Anifa Mvuemba (born 1990 or 1991) is a Kenyan-born American fashion designer of Congolese descent best known as the founder of womenswear brand Hanifa.

==Early life==
Anifa Mvuemba was born in Nairobi, Kenya to parents of Congolese origin and immigrated with her family to the United States at age three, in 1993. She is one of seven children. Mvuemba was first exposed to fashion by watching her mother get dressed every morning. In 2005, her brother was murdered in Maryland. She attended Gaithersburg High School and then Morgan State University, where she studied fashion merchandising. She later dropped out of college and quit her retail job at Nordstrom, citing a rough transition to adulthood as the cause.

==Career==
Mvuemba began designing garments after taking a fashion design course while in her junior year of high school. She began creating dresses for friends and other clients in 2011, at the age of 21, after posting a picture of a dress she made out of fabric scraps to Instagram. Mvuemba then taught herself the technical knowledge of sewing by watching YouTube videos and examining her aunt, a seamstress, while working. She launched her own fashion brand, Hanifa, in 2012.

In 2020, she presented a digital fashion show via Instagram Live entitled "Pink Label Congo". In 2021, her debut in-person fashion show "Hanifa Dream" was held at the National Portrait Gallery in Washington, D.C. That same year, she was named as an awardee of the annual CFDA/Vogue Fashion Fund, as well as the recipient of InStyle's Future of Fashion Award. In 2022, two of Mvuemba's designs were included in "Those Who Dress Better", a fashion exhibit curated by Black Fashion Fair and the estate of Jean-Michel Basquiat. In August of that year, she confronted fast fashion brand Fashion Nova for copying the design of her Jax Knit Gown, which resulted in the removal of Fashion Nova's version from their website. In 2023, Hanifa debuted its first bridal collection in Middleburg, Virginia.

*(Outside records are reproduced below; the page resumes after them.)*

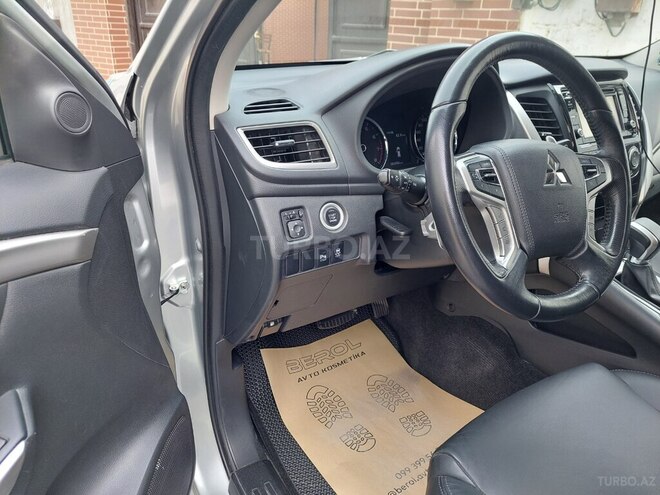 Mitsubishi Pajero Sport 2019, 95,000 km - 3.0 л - Sumqayıt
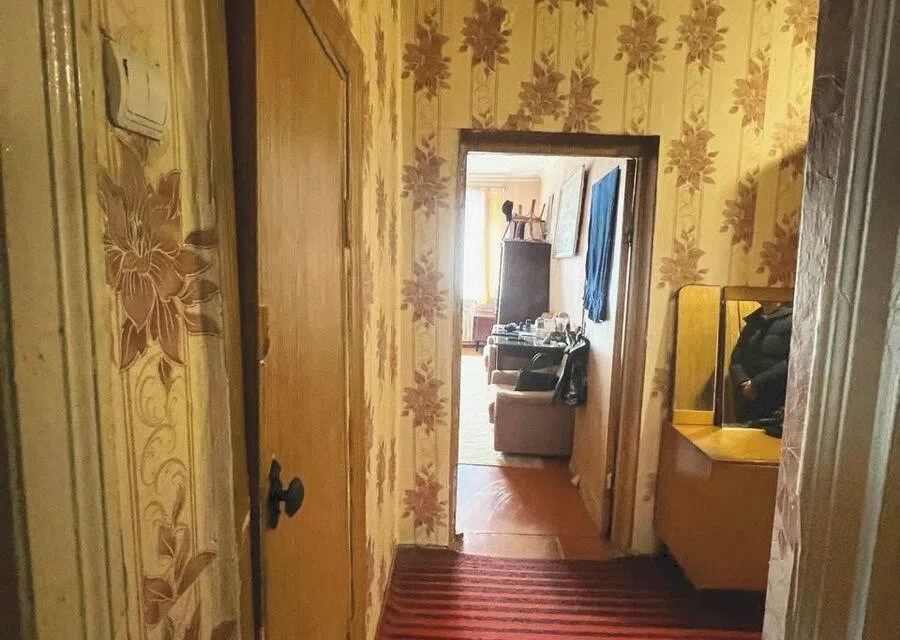 Продаётся 2-комнатная квартира, 56.6 м²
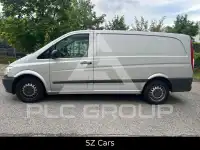 2011 Mercedes Benz Vito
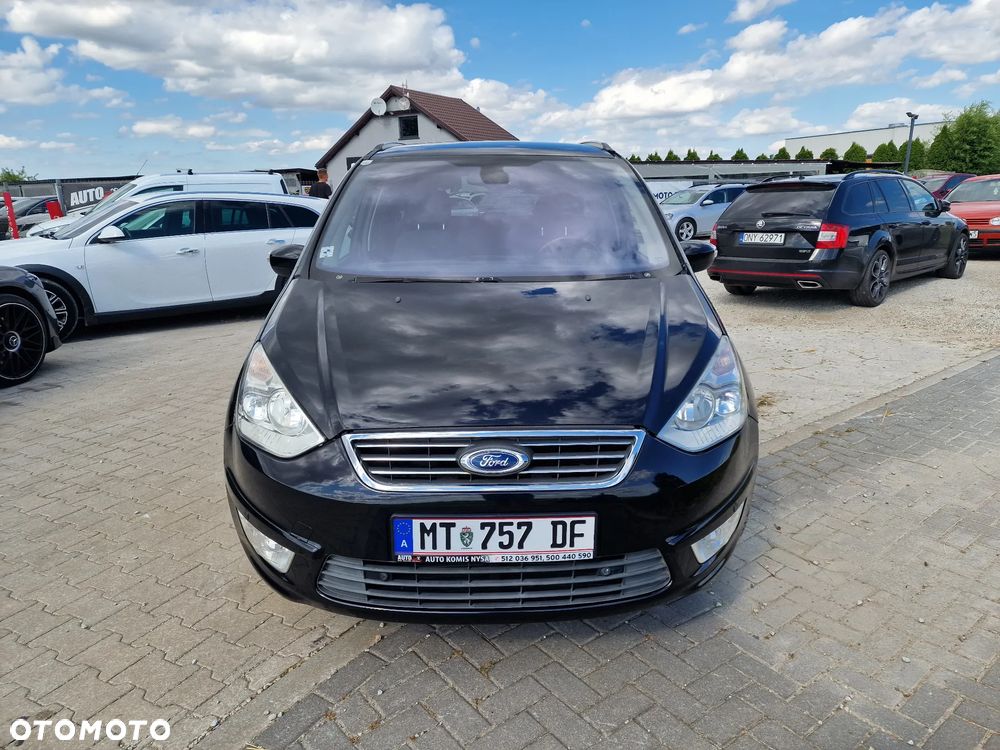 Ford Galaxy 2.0 TDCi Titanium - 4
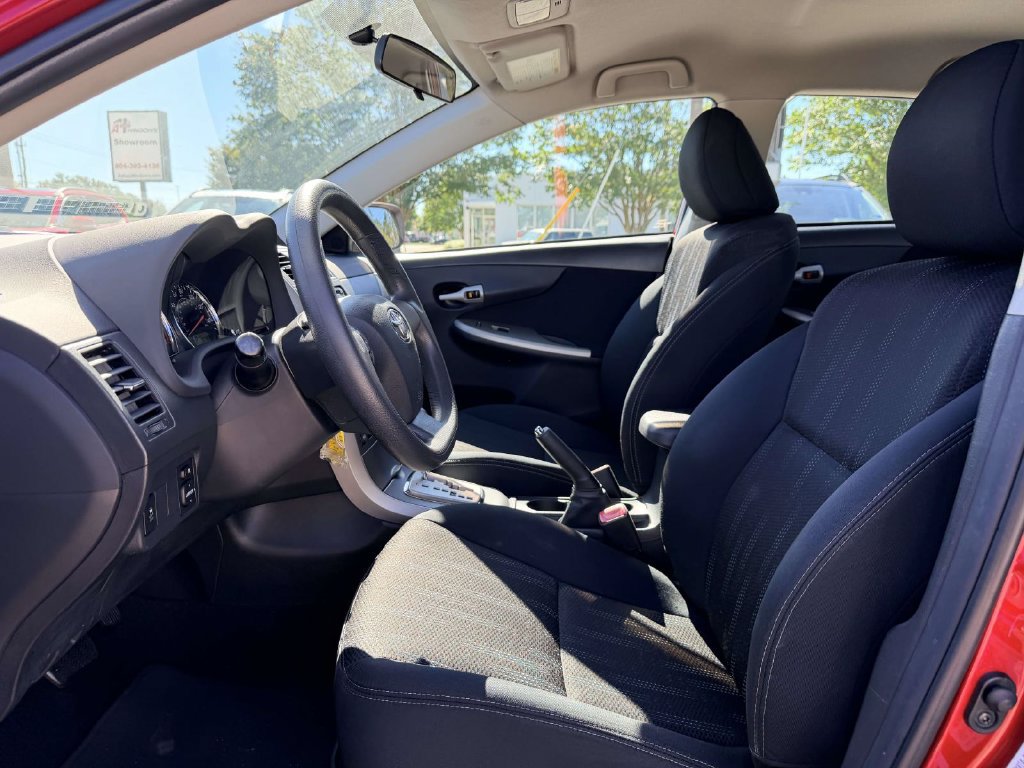 Used 2012 Toyota Corolla S FWD image 18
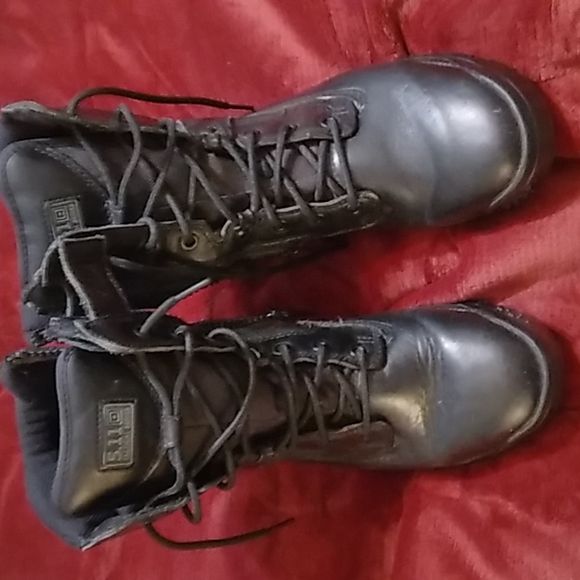 5.11 Tactical Other - 5.11 boots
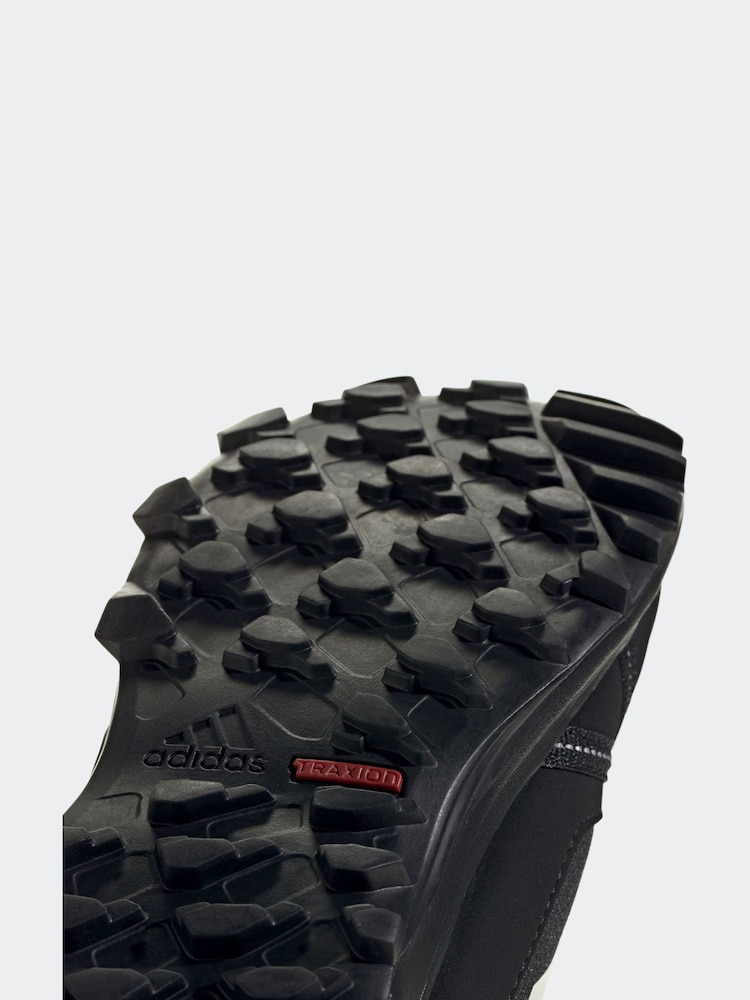 adidas Black Terrex Snow Hook-And-Loop Cold.Rdy Winter Boots - Image 9 of 9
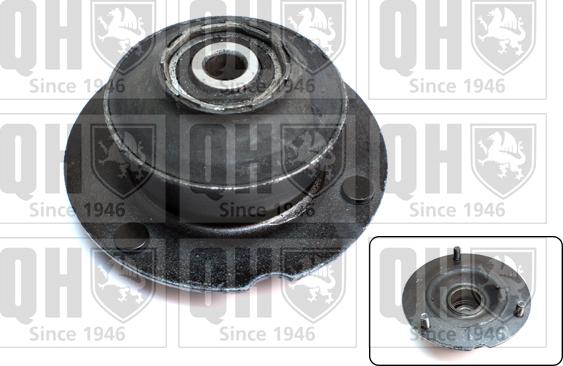 Quinton Hazell EMA1581 - Amortizatora statnes balsts www.autospares.lv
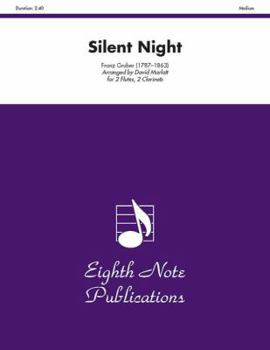 Paperback Silent Night: Score & Parts Book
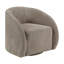 Fauteuil demi-tonneau 1 pièce-134537196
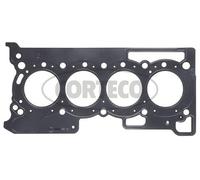 CORTECO Junta, culata para RENAULT: Captur, Mégane, Scénic, Clio, Kangoo, Kadjar & DACIA: Duster, Dokker, Lodgy & NISSAN: Juke (Ref: 83403235)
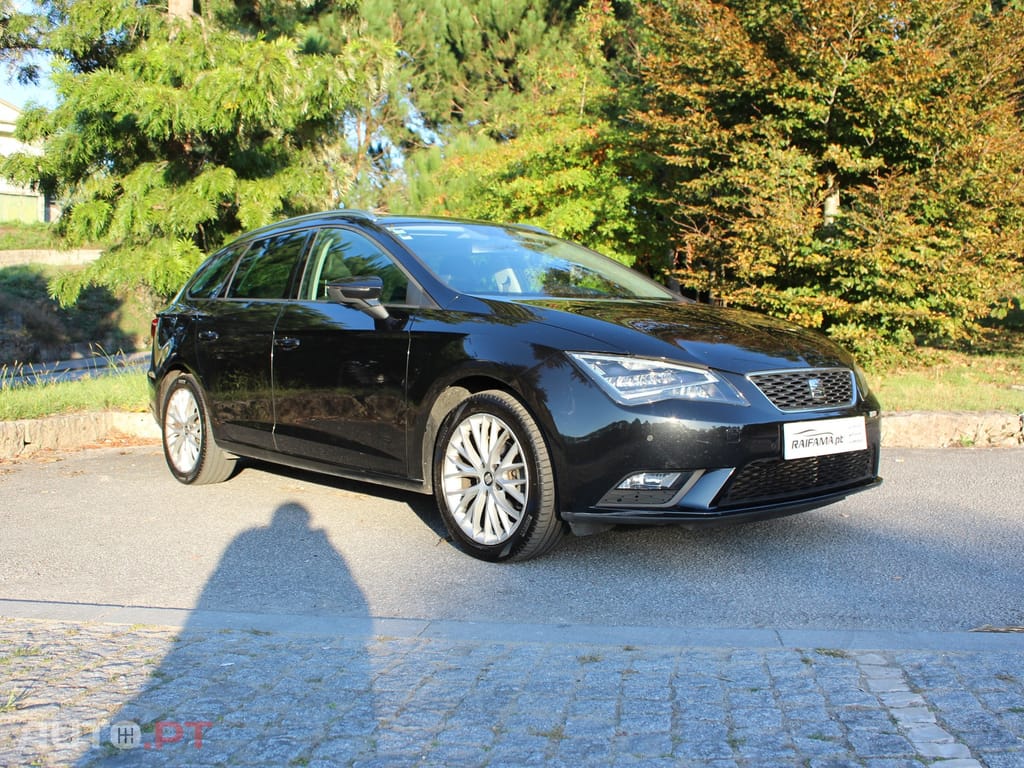 Seat Leon 1.6 TDi Reference Ecomotive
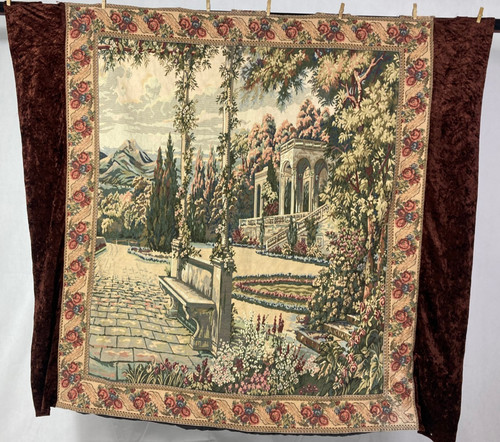Arazzo parete vintage - arazzo,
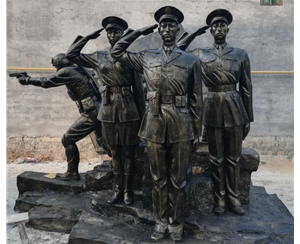 蕪湖人物雕塑制作的表現(xiàn)形式有什么？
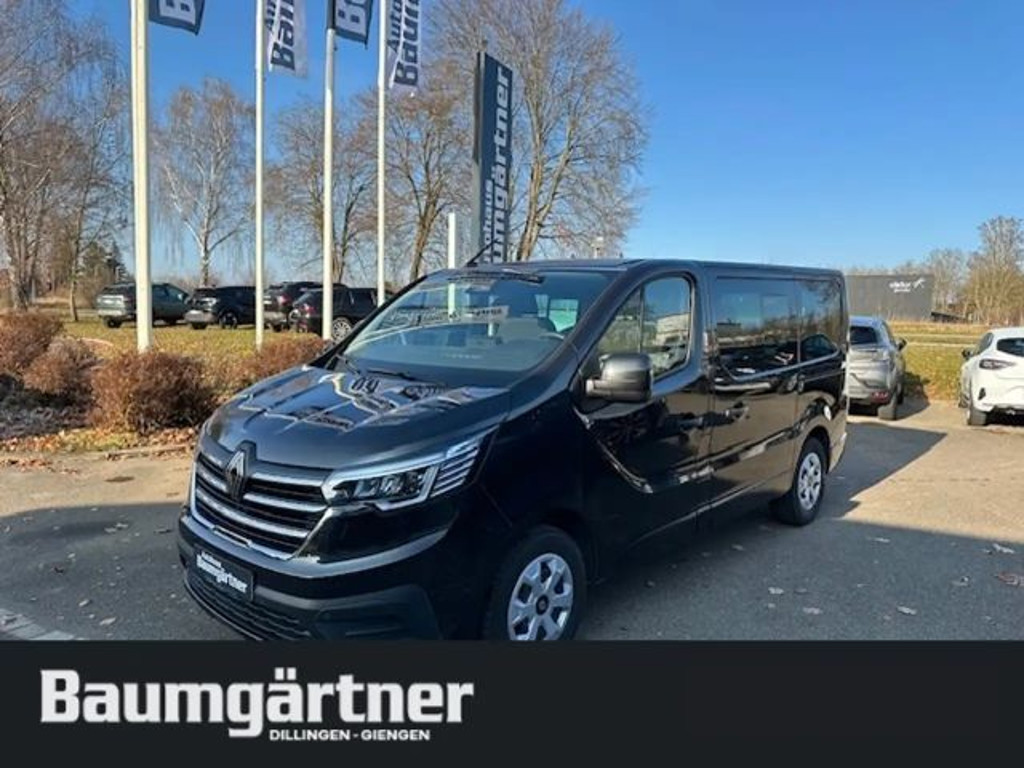 Renault Trafic Combi dCi 150 Evolution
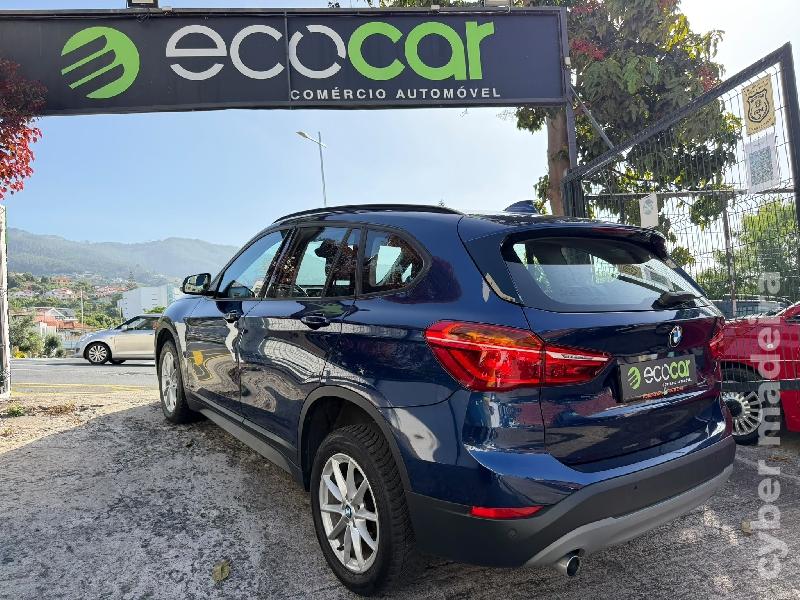 BMW X1 sDrive 16d Gasóleo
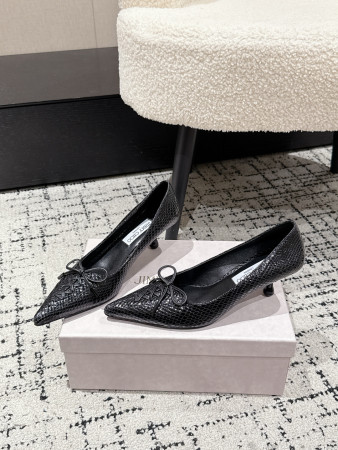 ua Ji*y Ch* scarlett pumps 5cm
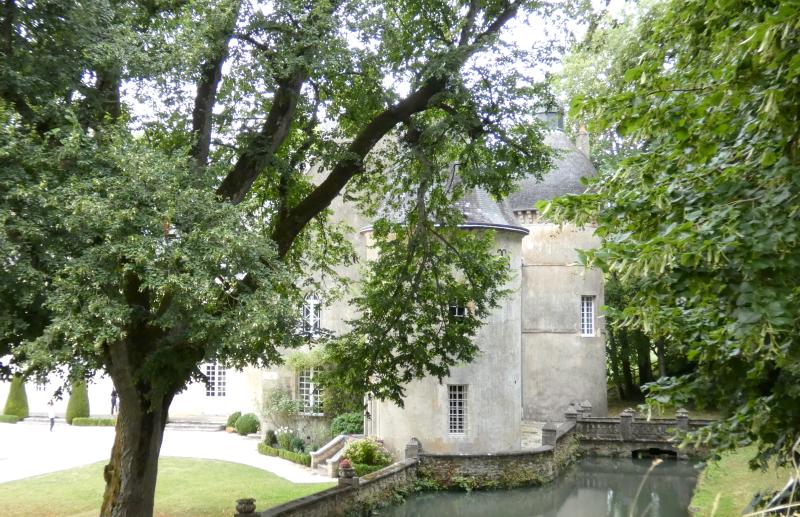 Château de Cisai, Cisai-Saint-Aubin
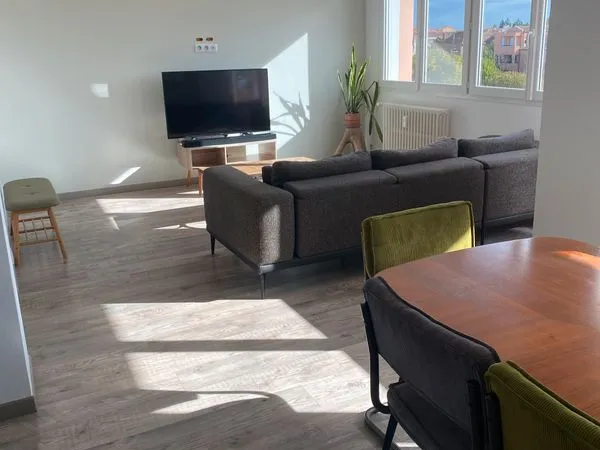 Location appartement Charnay les Mâcon
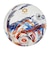 スフィーダ（SFIDA）サッカーボール 5号球 検定球 VAIS VORTI SB-25VV02 WHT/BLU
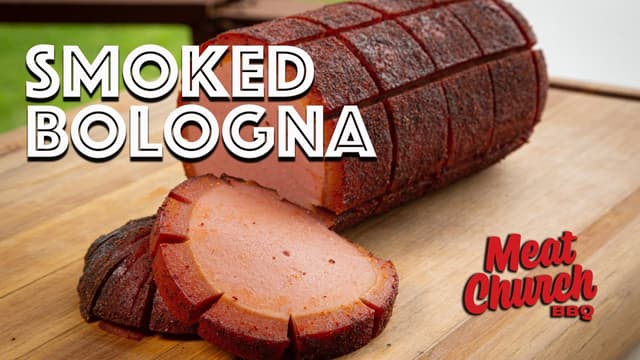 S01:E04 - Smoked Bologna & Jalapeño Poppers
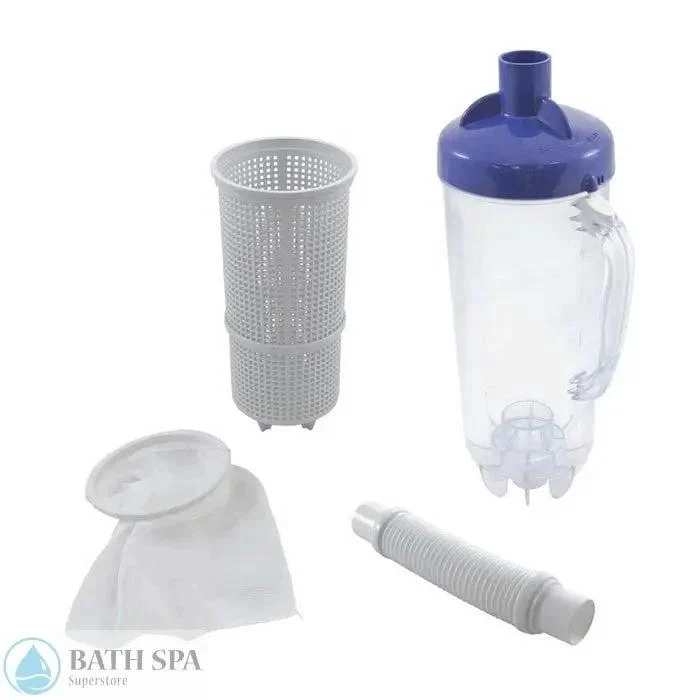 CMP Leaf Canister Leaf Trap With Basket (58309-300-000)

Mvuemba's garments have been worn by celebrities such as Beyoncé, Gabrielle Union, Ashley Graham, Sarah Jessica Parker, Tracee Ellis Ross, Issa Rae, Michelle Obama, Zendaya, Iman, Cardi B, Bella Hadid, Lizzo, Padma Lakshmi, Fantasia, Kylie Jenner, and Ciara. She additionally designed Savannah James' look for the 2025 Met Gala.

==Personal life==
Mvuemba is based in Washington, D.C. She has one child, a daughter born in 2023.